-- Source material follows --

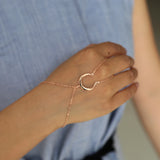 Unique Rose Moon Bracelet Charming Chain Bracelet Sister Gift Jewelry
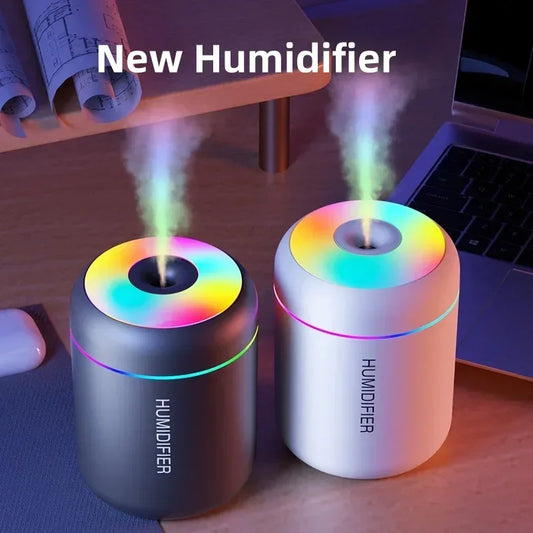 Mini USB Air Humidifier & Aroma Diffuser – 180ml - Urbizia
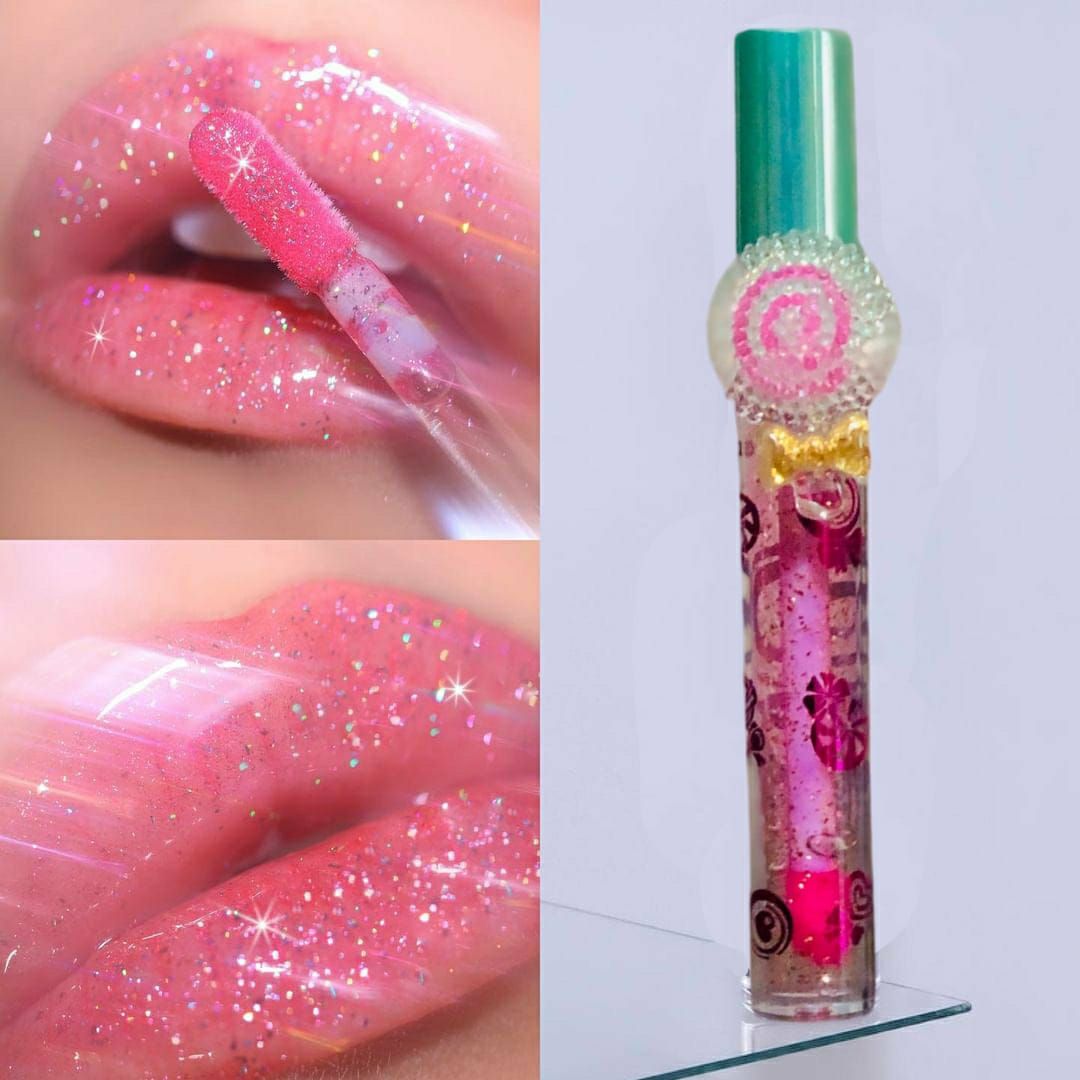 2 Pcs High Pigmented Beautiful Glitter Lipgloss (random color)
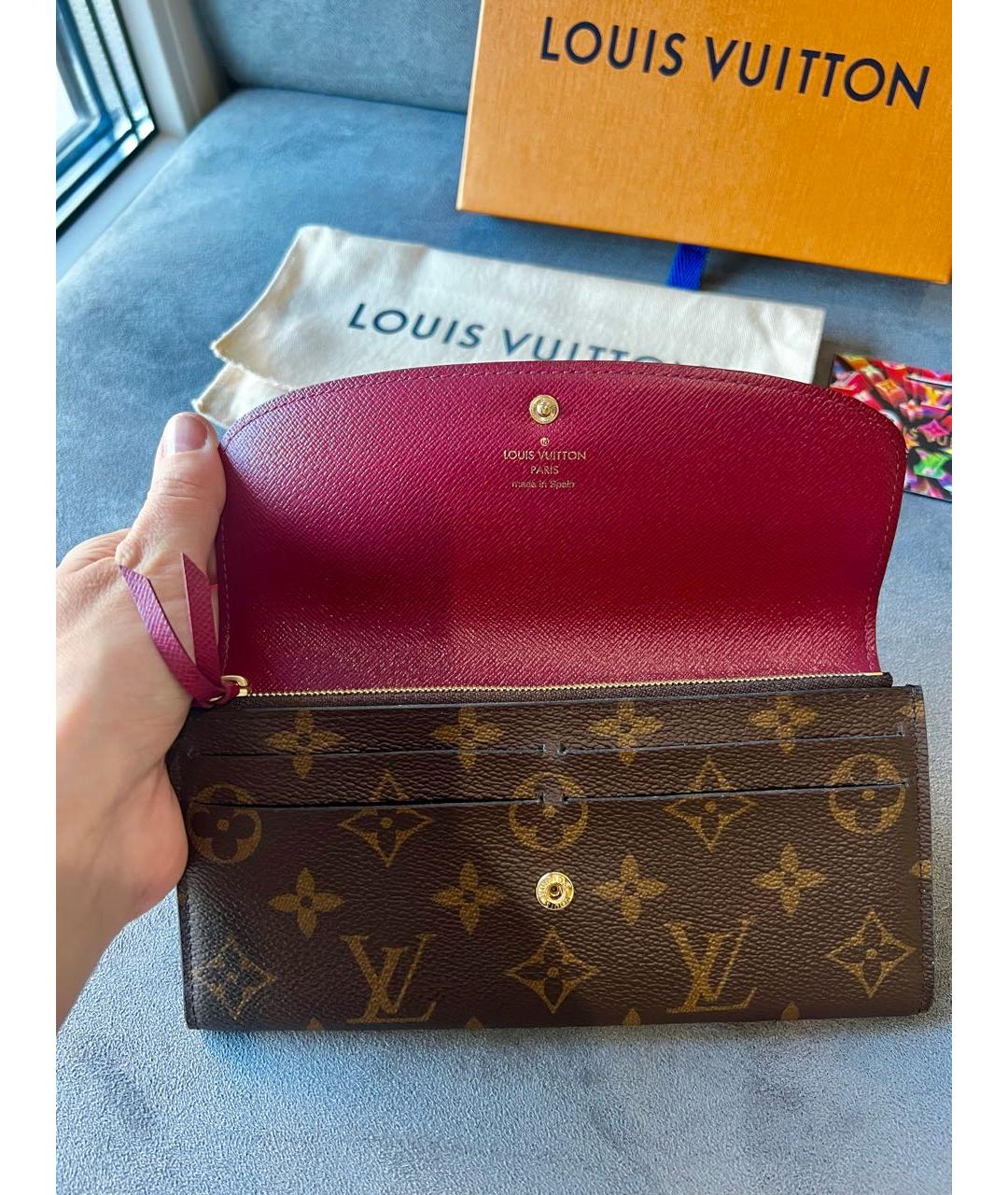 LOUIS VUITTON Коричневый кошелек, фото 4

-- Source material concluded --

Your task is to quote exactly the lines from the one with "2 Pcs High Pigmented" through the end of the material, both included, without reproducing any pictures.

 2 Pcs High Pigmented Beautiful Glitter Lipgloss (random color)
 LOUIS VUITTON Коричневый кошелек, фото 4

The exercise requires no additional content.